Features

If basic tuning cannot implement satisfactory performance, you can use the Profiling tool to collect profile data during training and analyze it to accurately locate software and hardware performance bottlenecks, thereby improving the performance analysis efficiency. The tool provides an economical solution for improving service performance.

By default, profile data is not collected during training. If you need to collect and parse profile data, see the procedure in this section.

The following describes the process of collecting and analyzing TensorFlow network profile data.

  1. Collect profile data.
    The profile data of the TensorFlow network can be collected globally or locally.
    • Global collection: collect the profile data of all behaviors executed by graphs. The data size is large.
    • Local collection: collect the profile data of a specified subgraph or step.

    To collect data globally, you can either modify the training script and configure the enable_profiling parameter (see Methods for Modifying the Training Script), or set the environment variable PROFILING_MODE (see Using Environment Variables). enable_profiling is prior to PROFILING_MODE.

    To collect data locally, you can call the Profiler class in TF Adapter 1.x through the with statement and put the operations that require profile data collection into the Profiler class. For details, see Collecting Profile Data Locally.

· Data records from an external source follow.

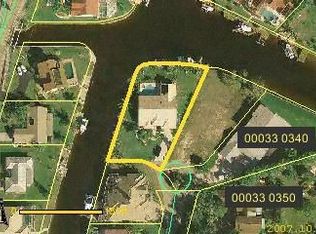 5203 Nautilus Dr, Cape Coral, FL 33904
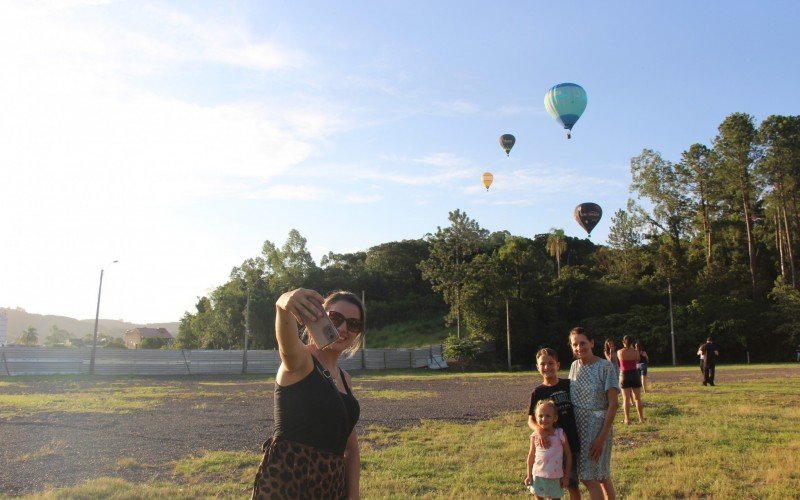 Show de balões movimentou o céu de Sapiranga
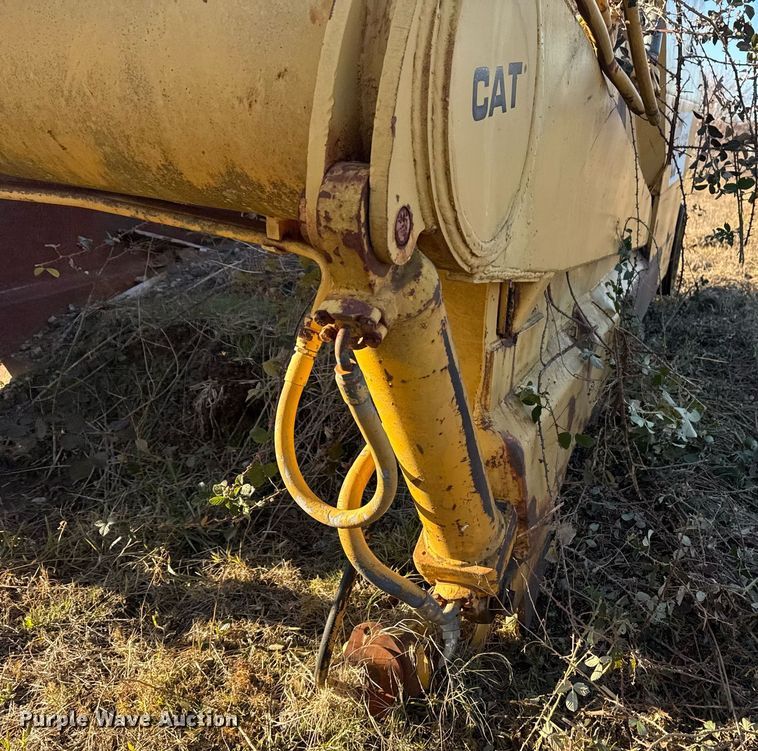 image for item DJ9765 1974 Caterpillar 613 conventional scraper 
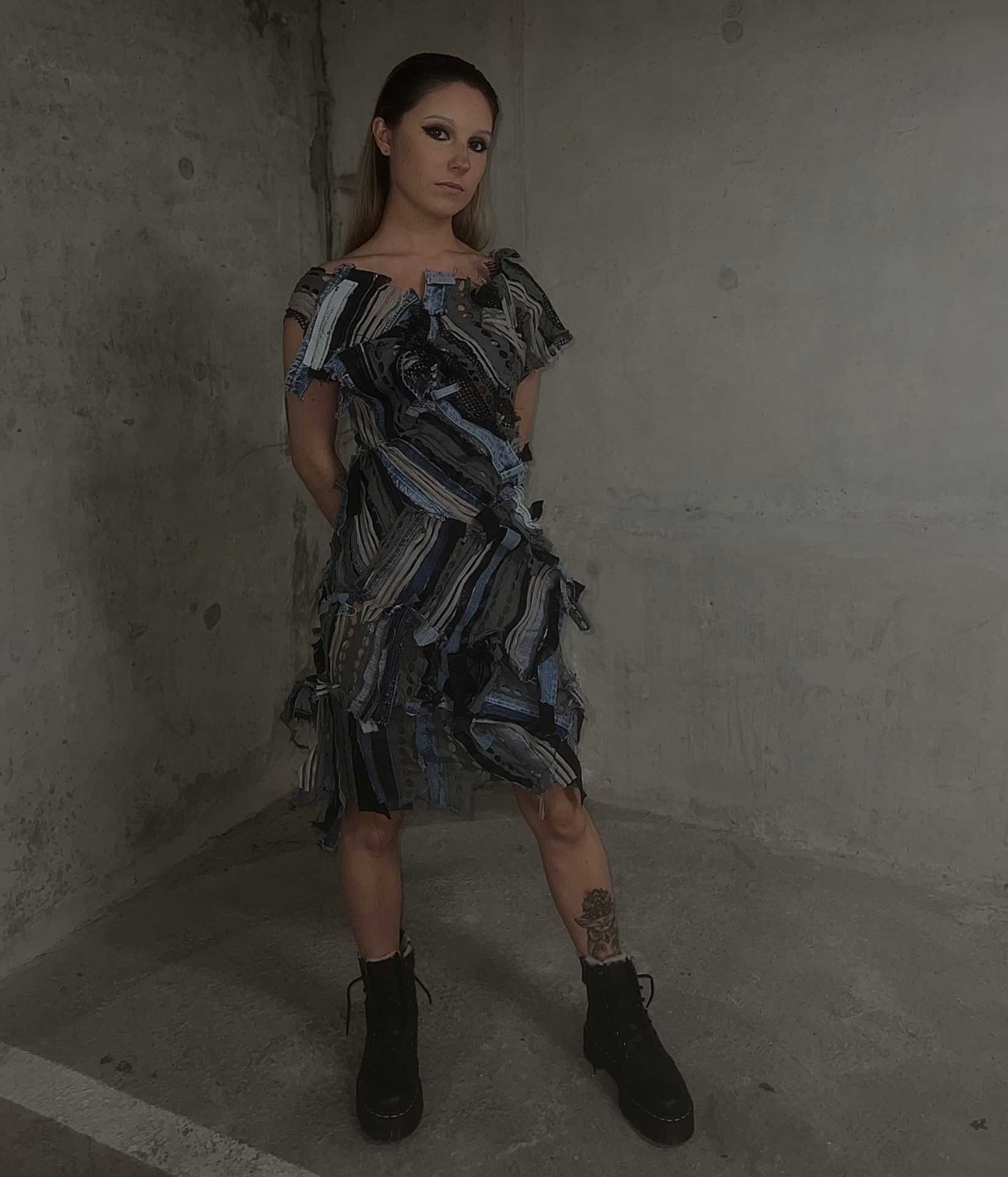Look 1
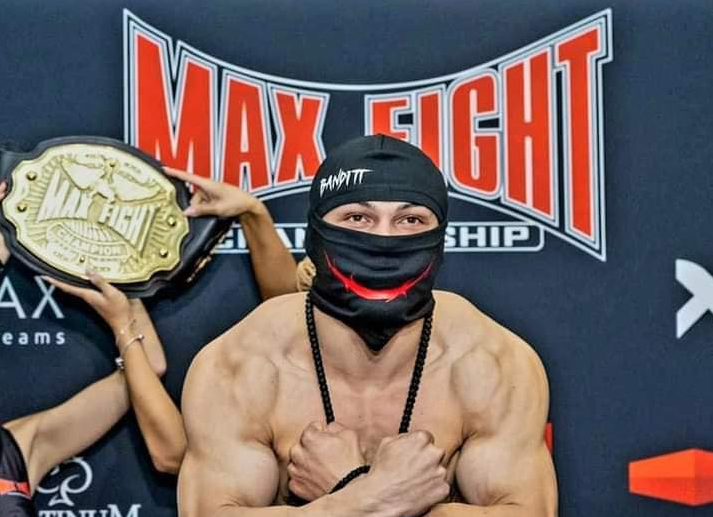 Борислав Велев - Рой оглавява MAX FIGHT 60 през декември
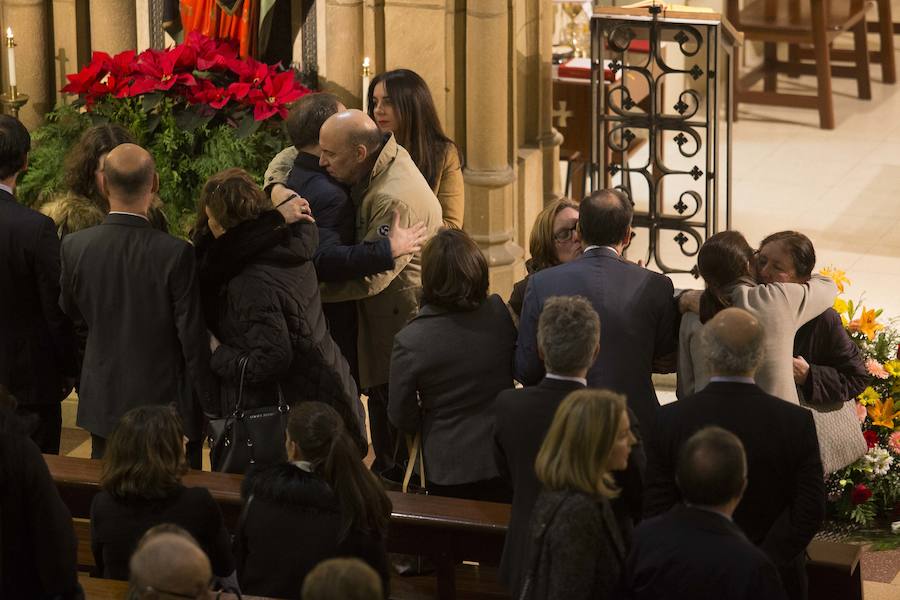 Multitud de personas han querido darle el último adiós al exministro de Educación y Ciencia y reputado jurista gijonés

  2. Parse and export profile data.

    Regardless of the collection mode, you can use the msprof command line to parse the profile data and export the parsing result to a specified directory. For details, see Parsing and Exporting Profile Data.

  3. Analyze the profile data.

    You can analyze the timeline and summary files obtained by parsing the profile data to identify performance bottlenecks. For typical analysis examples, see Analyzing Profile Data.